SC I F. Declaration of Content

This section describes the way in which the content of active substance in a preparation is declared and the method adopted to express the content of the medicinal substances themselves. A proper understanding of such statements is essential to their correct interpretation.

Medicinal substances

1. The purpose of the assay in monographs for medicinal substances, taken in conjunction with the tests for impurities, is to determine the purity of the medicinal substance and the limits are therefore usually stated in terms of the molecular entity (salt, ester, etc.) and calculated with reference to the anhydrous or dried substance as appropriate (depending on whether the monograph includes a test for water or for loss on drying).

2. One advantage of this form of expression in ‘parent’ monographs is that it gives an indication ‘at a glance’ of the purity of the substance. For example (albeit an extreme example) the purity of Amitriptyline Embonate is stated as not less than 98.5% of (C₂₀H₂₃N)₂,C₂₃H₁₆O₆ calculated with reference to the anhydrous substance rather than as not less than 57.9% of C₂₀H₂₃N calculated with reference to the anhydrous substance.

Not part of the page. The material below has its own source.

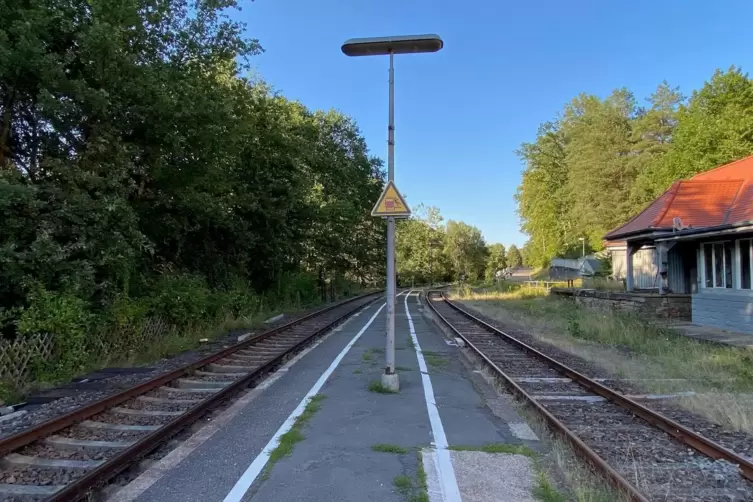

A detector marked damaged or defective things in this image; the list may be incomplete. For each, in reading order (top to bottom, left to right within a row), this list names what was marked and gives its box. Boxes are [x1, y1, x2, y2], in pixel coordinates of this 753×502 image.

rusty rail [0, 290, 376, 498]
rusty rail [428, 290, 752, 502]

3. The mode of expression chosen for the ‘parent’ monograph in no way circumscribes that which may be used in the monograph for a preparation. There is no reason why the two should be the same and there is frequently good reason why they should be different. In the example of Amitriptyline Embonate, the assay limits for the preparation Amitriptyline Oral Suspension are stated in terms of amitriptyline, C₂₀H₂₃N in the BP 2000.

Formulated preparations

4. The purpose of the assay in monographs for formulated preparations is to determine whether the content of the active ingredient is within acceptable limits of the labelled claim and the limits are therefore of necessity stated in terms of the moiety declared on the label as established by the manufacturer.

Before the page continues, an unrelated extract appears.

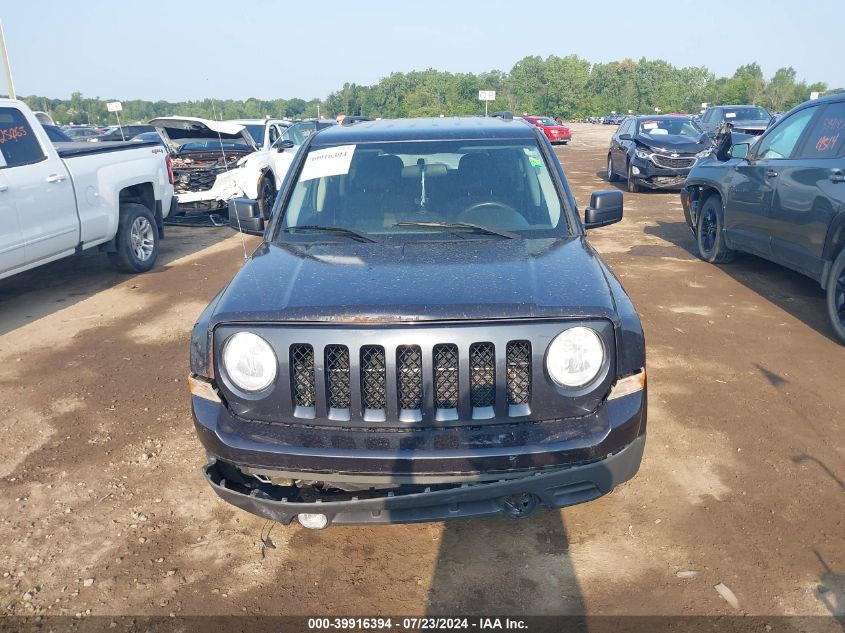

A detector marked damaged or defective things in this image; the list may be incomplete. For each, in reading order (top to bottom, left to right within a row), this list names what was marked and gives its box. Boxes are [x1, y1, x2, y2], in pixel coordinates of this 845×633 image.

5. Every effort is made in the British Pharmacopoeia to achieve internal consistency within monographs, that is, to use the same terms for content statement, assay and label. The British Pharmacopoeia Commission, however, has no means of achieving external (inter-monograph) consistency since, unless it perceives there to be a potentially serious risk, it would not seek to obtain a change in a manufacturer’s established practice. Problems arise when a manufacturer is not consistent or does not state clearly to what the strength refers and, in particular, when different manufacturers of the same preparation express the content in different terms.

6. Ideally in many cases where several salts or hydrated forms of the same drug substance are available, the label and dose (and therefore all monograph statements) should be in terms of the anhydrous free base or acid, that is, the active moiety, in order to facilitate comparison and equivalent dosage.

7. Implementation of such a policy would clearly require that each case should be judged on its merits since there would be instances when, for example, a different salt is considered as a different active moiety or where it would be misleading to suggest that two different forms are therapeutically equivalent. Nevertheless it is strongly recommended that as a general rule for new drug substances, doses and strengths of preparations should be expressed in terms of the active moiety.

8. Meanwhile, for established materials the Pharmacopoeia will continue to reflect current practice. In this respect it should be noted that the labelling requirements of the Pharmacopoeia are not comprehensive. Thus a monograph requirement to state the content of active ingredient in terms of the entire drug substance molecule does not preclude an additional indication of the content expressed in terms of the active moiety where such an indication is considered desirable.